====== Records for processing

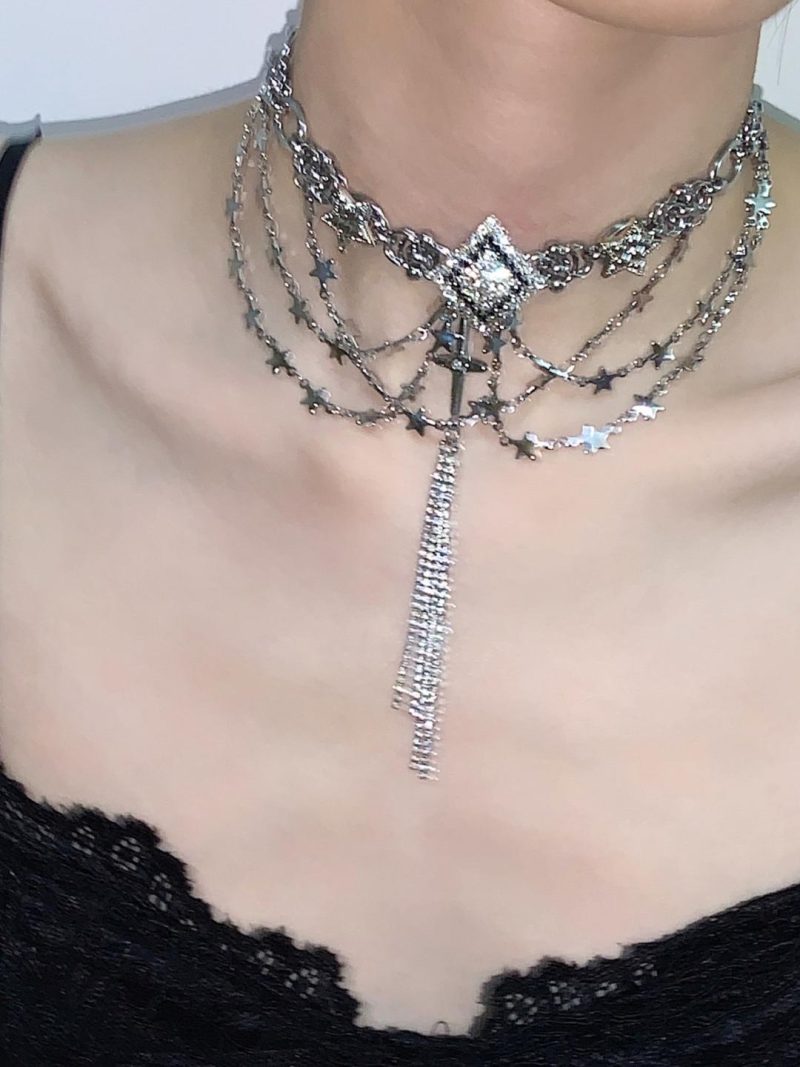 PartyQueenTasselChoker3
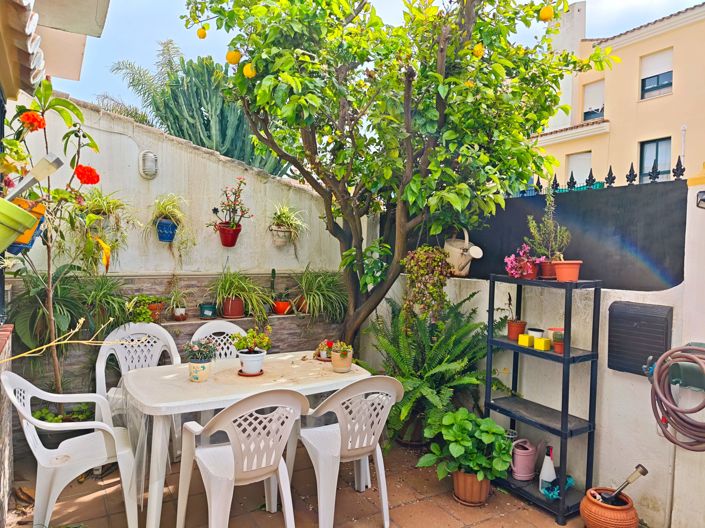 Image No.4-4 Bed Property for sale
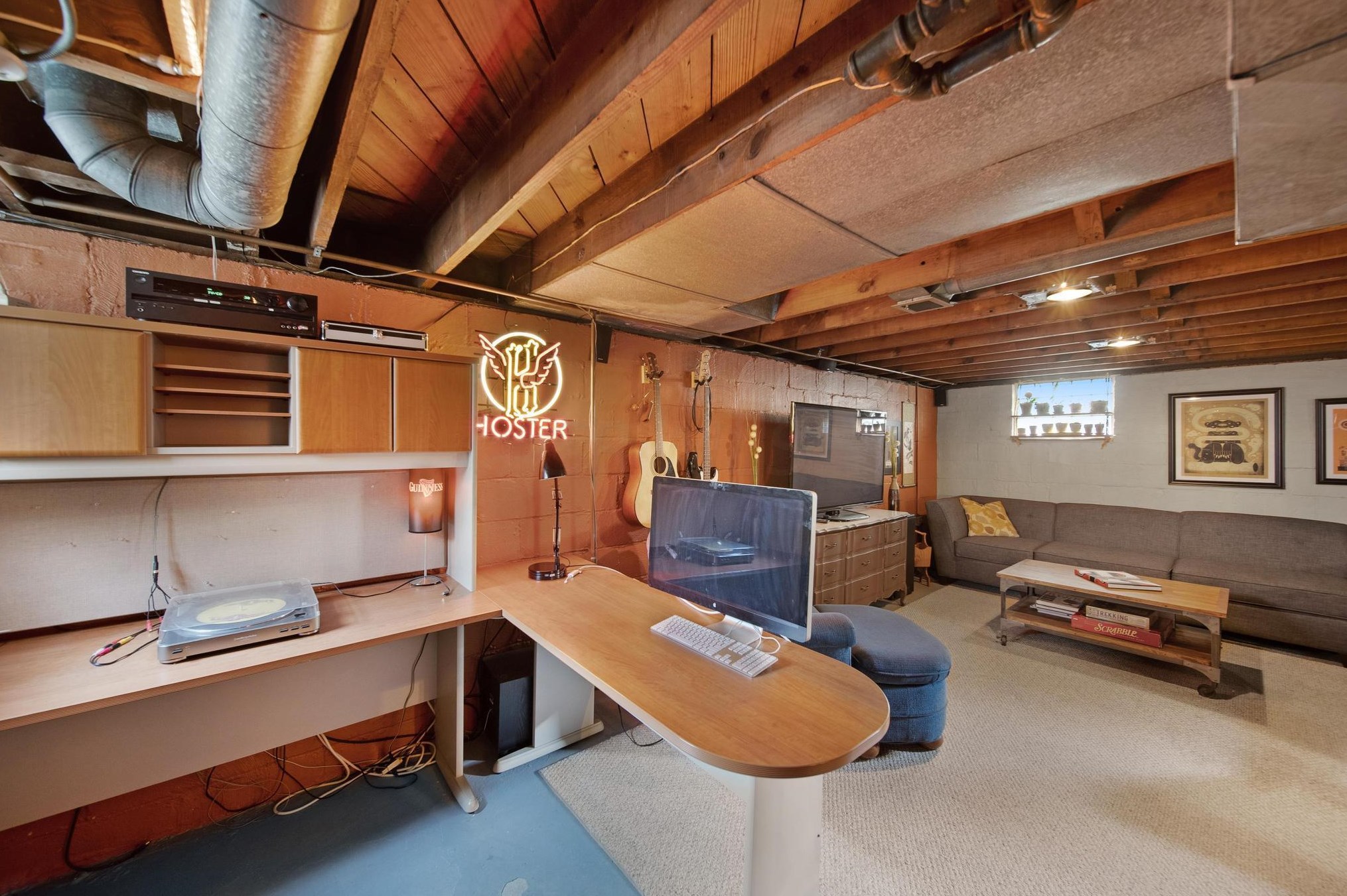 39 Torrence Rd, Columbus OH 43214-3819 exterior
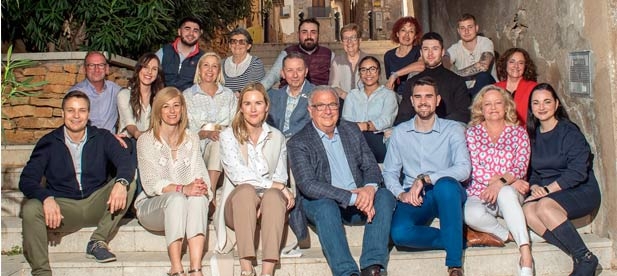 Para Albert, "es necesario que Oropesa cuente con radiología y salud mental para evitar traslados innecesarios". Asimismo, se compromete a trabajar para habilitar un helipuerto sanitario y crear un centro de día especializado en salud mental.
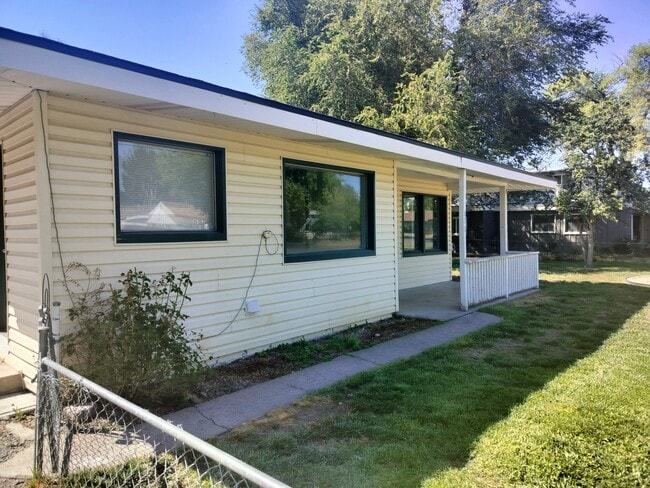 property at 475 N 15th E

============

### Your task
All lines from the line containing "en salud mental." through the end of the listing above are to be given again exactly; pictures are not part of the copy.

### The answer
 Para Albert, "es necesario que Oropesa cuente con radiología y salud mental para evitar traslados innecesarios". Asimismo, se compromete a trabajar para habilitar un helipuerto sanitario y crear un centro de día especializado en salud mental.
 property at 475 N 15th E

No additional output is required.